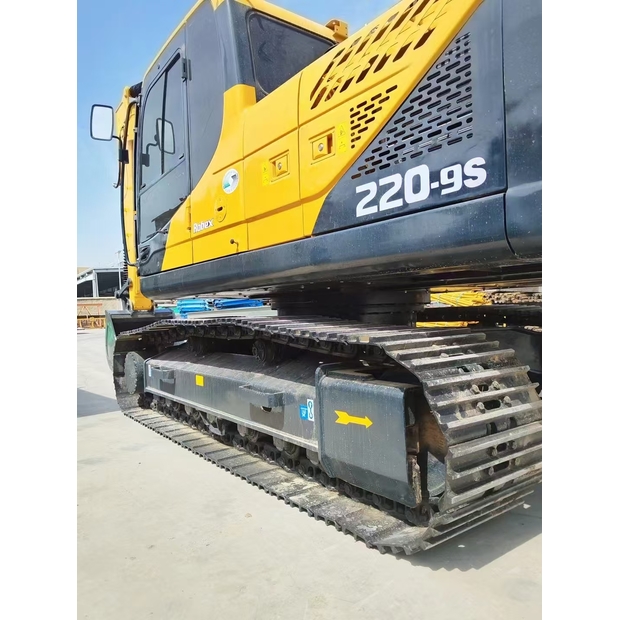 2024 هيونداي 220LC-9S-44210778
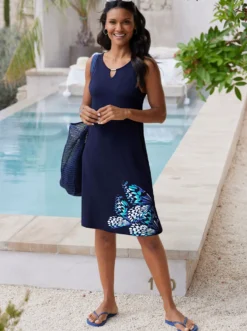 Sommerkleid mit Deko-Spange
---
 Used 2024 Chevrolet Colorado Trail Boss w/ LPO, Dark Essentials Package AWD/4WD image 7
* * *
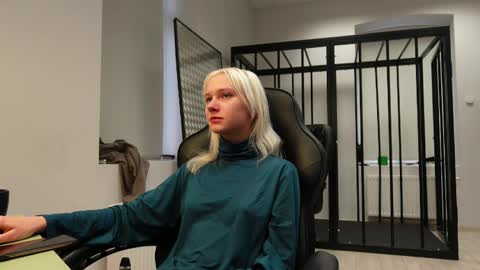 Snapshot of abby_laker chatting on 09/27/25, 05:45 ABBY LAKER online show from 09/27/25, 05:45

• PROBLEM TO SOLVE: Quote word for word only the lines above from the one containing "2024 هيونداي 220LC-9S-44210778" through the one containing "Sommerkleid mit Deko-Spange". Pictures stay out of your copy.

• YOUR SOLUTION:
 2024 هيونداي 220LC-9S-44210778
 Sommerkleid mit Deko-Spange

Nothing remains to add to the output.